How green is Ottawa’s fashion scene? EF’s editor gives us the inside scoop

From EF Magazine's latest photo shoot (Photo credit: Andree-Lise)

Malorie Bertrand (Twitter) is Editor-in-Chief of Eco-Fashion Magazine. Growing up in Aylmer, Quebec, Malorie left the Capital region as a child before moving back after university. In addition to her passion for green fashion, she loves staying active, cooking for friends and staying up-to-date on all of Ottawa’s fun happenings. 

Malorie Bertrand

I launched Ef Magazine in Ottawa last January on the hunch that this city was more stylish and more sustainable than first predicted. When I first landed in Ottawa (three years ago now), I was more focused on securing a permanent job than scoping out the city’s hidden thrift shops and vintage boutiques. To my delight, however, Ottawa’s fashion scene, and more specifically, it’s eco-fashion scene, gradually revealed itself to me without much scouting at all.

It all began with Ef’s launch party at Flock Boutique. I learned of the newly opened Flock Boutique from owners Christina Ballhorn and Bridget Remai. (They’re also owners of Workshop Boutique on Dalhousie St.) While Workshop features clothing and accessories made in Canada and by women, Ballhorn and Remai told me they were opening a second boutique with the same ‘local’ focus. This one, however, would have more merchandise made out of recycled materials – amaaaaazing.

EF Magazine's launch party last January

These lovely ladies graciously shared their fabulous new Flock space with Ef for the launch party. There, I was pleasantly surprised to meet a whole slew of beautiful, talented fashion bloggers and eco-fashion enthusiasts who were eager to learn that an online publication, based out of Ottawa, was focused on promoting sustainable style. Quelle belle surprise.

Even since this initial event, Ottawa’s green fashion scene has blossomed before my eyes. The people I have met and the connections I have made through the launch and subsequent local fashion events have shown me all that this city and its talented community has to offer an eco-fashionista such as myself.


Now for the good stuff. The following are lists to help you navigate your way to the city’s green gems.

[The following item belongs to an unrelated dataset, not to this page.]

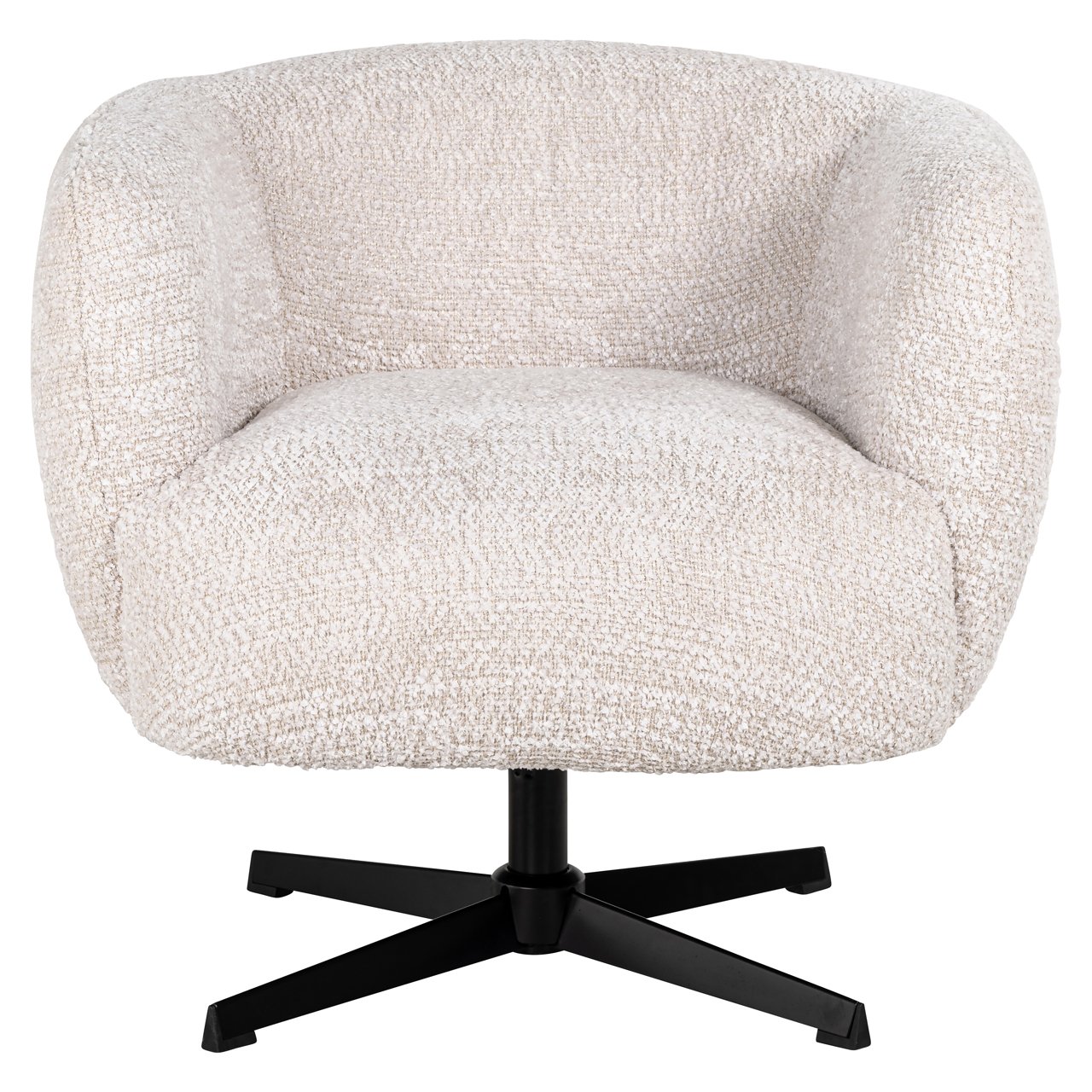 S4613 LOVELY CREAM - Lounge chair Estelle lovely cream swivel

Here are but a few second-hand stores in and around the Ottawa that I highly recommend you visit:

  1. Value Village (multiple locations)
  2. The Salvation Army (multiple locations)
  3. St. Vincent de Paul
  4. The Clothes Secret
  5. May Court Bargain Box
  6. Act II Fashions
  7. My Sister’s Closet

Consignment stores offer newer, gently used clothing and share the profit from your donated clothing with you when it sells:

  1. AMH Style
  2. Rikochet Resale
  3. Heather’s Designer Consignment
  4. Clothes Encounters of a Second Time

Vintage shops cater to anyone looking for a truly unique, high-quality garment from the past, perfect for spicing up any wardrobe:

  1. Young Jane’s
  2. Ragtime Vintage Clothing
  3. Gypsy & Company
  4. Funk Your Junk

Eco-fashion boutiques typically boast products that are made in Canada, if not locally, using sustainable, recycled and renewable materials:

  1. Flock Boutique
  2. Adorit
  3. Kania Couture
  4. Workshop Boutique
  5. Victoire Boutique
  6. Green Tree Eco-fashion
  7. Clothes by Muriel Dombret
  8. Allegro

Aside from fashion businesses, Ottawa isn’t too shabby in the fashion event department either. Coming up from Oct. 6-20 is Fashion on Display, the first event of its kind in Ottawa where local artists will be creating engaging window display’s in some of Ottawa’s eco-boutiques and vintage shops to promote sustainable fashion. And Ottawa Fashion Week, starting Sept. 28, has improved its lineup of designers year-by-year and consistently features at least a handful of designers who use sustainable/recycled materials and local production.

Urban Craft is an incredibly popular monthly craft fair, featuring hand-made treasures and knick-knacks. The Lansdowne Flea Market is a real gem of a sale where you can find everything from vintage hats, costume jewelry and teak furniture to records and killer boots. Wed-by-Hand is a really great alternative wedding show where brides-to-be and their mothers can get tips on how to simplify, DIY and make their wedding as eco-friendly as possible. I do!

A behind-the-scenes look at a one of EF Magazine's first shoots in 2008

So whatever your needs — to save money, to reduce your ecological footprint, to support local designers and businesses or to just feel better knowing that the clothes you wear aren’t contributing to environmental degradation and unfair labour — Ottawa offers you a rich and varied group of eco-fashion locations for you to browse to your heart’s content. 

Wow! A way to feel less guilty about shopping. Thanks, Malorie! Are you checking out any of Ottawa’s upcoming fashion events? Tell us about it.